The second part of your question doesn't really indicate what you want do with the data. Indexing numpy array is slower then indexing python lists. You get speed by performing operations in mass on the data. Without knowing more about what you are doing with that data, its hard to suggest how to fix it.
UPDATE:
I've gone ahead and done everything using itertools and numpy. I am not responsible from any brain damage resulting from attempting to understand this code.
# firstly, we use imap to call GetMyPoints a bunch of times
objects = itertools.imap(GetMyPoints, xrange(100))
# next, we use itertools.chain to flatten it into all of the polygons
polygons = itertools.chain.from_iterable(objects)
# tee gives us two iterators over the polygons
polygons_a, polygons_b = itertools.tee(polygons)
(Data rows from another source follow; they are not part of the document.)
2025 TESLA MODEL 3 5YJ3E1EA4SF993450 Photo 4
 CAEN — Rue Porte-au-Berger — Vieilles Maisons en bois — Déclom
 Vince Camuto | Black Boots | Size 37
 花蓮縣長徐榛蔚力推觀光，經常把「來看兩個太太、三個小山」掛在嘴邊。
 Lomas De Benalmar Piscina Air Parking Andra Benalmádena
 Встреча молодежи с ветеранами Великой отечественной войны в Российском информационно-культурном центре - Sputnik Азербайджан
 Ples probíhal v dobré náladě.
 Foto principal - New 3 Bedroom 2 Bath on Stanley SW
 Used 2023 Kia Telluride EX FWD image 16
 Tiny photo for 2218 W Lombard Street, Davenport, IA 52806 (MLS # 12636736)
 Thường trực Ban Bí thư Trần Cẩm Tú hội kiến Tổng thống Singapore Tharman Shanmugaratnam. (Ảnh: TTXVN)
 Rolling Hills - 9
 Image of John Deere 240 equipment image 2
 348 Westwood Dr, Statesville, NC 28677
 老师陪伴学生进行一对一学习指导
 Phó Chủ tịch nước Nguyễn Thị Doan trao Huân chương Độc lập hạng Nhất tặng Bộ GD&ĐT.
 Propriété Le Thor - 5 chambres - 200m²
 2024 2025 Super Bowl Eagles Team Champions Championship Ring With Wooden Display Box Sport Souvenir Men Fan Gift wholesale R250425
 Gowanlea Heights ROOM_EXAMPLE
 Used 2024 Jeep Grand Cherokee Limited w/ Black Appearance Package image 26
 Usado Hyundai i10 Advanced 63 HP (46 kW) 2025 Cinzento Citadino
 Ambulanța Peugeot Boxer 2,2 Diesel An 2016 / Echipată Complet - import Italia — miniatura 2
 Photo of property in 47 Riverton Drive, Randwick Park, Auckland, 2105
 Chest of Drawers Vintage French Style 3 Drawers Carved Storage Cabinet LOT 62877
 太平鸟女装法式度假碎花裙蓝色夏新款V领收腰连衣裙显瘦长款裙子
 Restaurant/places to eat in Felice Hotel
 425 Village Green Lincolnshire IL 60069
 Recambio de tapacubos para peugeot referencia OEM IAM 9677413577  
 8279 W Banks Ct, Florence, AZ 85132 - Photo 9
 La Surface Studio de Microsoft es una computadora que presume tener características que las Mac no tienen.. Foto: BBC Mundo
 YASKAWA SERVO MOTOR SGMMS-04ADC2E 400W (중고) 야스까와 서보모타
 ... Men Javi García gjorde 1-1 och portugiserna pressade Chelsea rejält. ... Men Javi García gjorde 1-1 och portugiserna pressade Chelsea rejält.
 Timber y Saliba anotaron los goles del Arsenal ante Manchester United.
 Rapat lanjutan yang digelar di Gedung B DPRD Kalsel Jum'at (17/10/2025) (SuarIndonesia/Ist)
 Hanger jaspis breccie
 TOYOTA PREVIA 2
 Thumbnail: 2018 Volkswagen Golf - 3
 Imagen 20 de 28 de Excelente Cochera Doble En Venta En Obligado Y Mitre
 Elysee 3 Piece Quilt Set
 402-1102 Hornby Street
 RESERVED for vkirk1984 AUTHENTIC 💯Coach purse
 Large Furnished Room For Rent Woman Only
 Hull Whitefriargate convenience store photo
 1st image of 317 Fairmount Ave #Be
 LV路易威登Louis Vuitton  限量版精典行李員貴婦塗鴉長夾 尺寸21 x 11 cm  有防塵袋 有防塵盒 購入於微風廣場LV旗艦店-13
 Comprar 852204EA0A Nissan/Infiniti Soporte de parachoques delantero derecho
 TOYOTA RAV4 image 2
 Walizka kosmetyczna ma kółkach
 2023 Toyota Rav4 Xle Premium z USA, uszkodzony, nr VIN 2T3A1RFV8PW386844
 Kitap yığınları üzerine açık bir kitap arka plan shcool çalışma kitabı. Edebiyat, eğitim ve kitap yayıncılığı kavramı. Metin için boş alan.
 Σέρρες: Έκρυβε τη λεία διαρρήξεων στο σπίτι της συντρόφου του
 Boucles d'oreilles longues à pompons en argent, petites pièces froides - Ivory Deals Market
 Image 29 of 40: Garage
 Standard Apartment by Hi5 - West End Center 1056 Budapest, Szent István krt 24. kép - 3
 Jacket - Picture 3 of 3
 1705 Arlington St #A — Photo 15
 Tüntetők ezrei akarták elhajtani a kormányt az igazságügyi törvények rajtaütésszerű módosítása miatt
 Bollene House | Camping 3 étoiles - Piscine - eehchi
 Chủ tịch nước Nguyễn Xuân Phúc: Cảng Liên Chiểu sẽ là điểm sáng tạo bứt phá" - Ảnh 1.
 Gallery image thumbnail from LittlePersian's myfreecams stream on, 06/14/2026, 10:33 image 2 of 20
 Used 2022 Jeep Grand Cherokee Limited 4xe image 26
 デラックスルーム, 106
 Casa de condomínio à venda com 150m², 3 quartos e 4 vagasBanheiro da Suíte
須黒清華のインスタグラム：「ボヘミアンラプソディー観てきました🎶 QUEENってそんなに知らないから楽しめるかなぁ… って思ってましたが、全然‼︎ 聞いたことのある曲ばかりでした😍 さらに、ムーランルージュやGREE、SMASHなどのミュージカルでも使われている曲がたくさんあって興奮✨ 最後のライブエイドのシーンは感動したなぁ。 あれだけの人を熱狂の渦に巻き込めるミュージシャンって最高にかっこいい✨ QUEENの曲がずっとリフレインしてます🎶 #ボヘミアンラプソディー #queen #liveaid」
# the lengths will be the length of each polygon
polygon_lengths = itertools.imap(len, polygons_a)
# for the actual points, we'll flatten the polygons into points
points = itertools.chain.from_iterable(polygons_b)
# then we'll flatten the points into values
values = itertools.chain.from_iterable(points)
# package all of that into a numpy array
all_points = numpy.fromiter(values, float)
# reshape the numpy array so we have two values for each coordinate
all_points = all_points.reshape(all_points.size // 2, 2)
# produce an iterator of lengths, but put a zero in front
polygon_positions = itertools.chain([0], polygon_lengths)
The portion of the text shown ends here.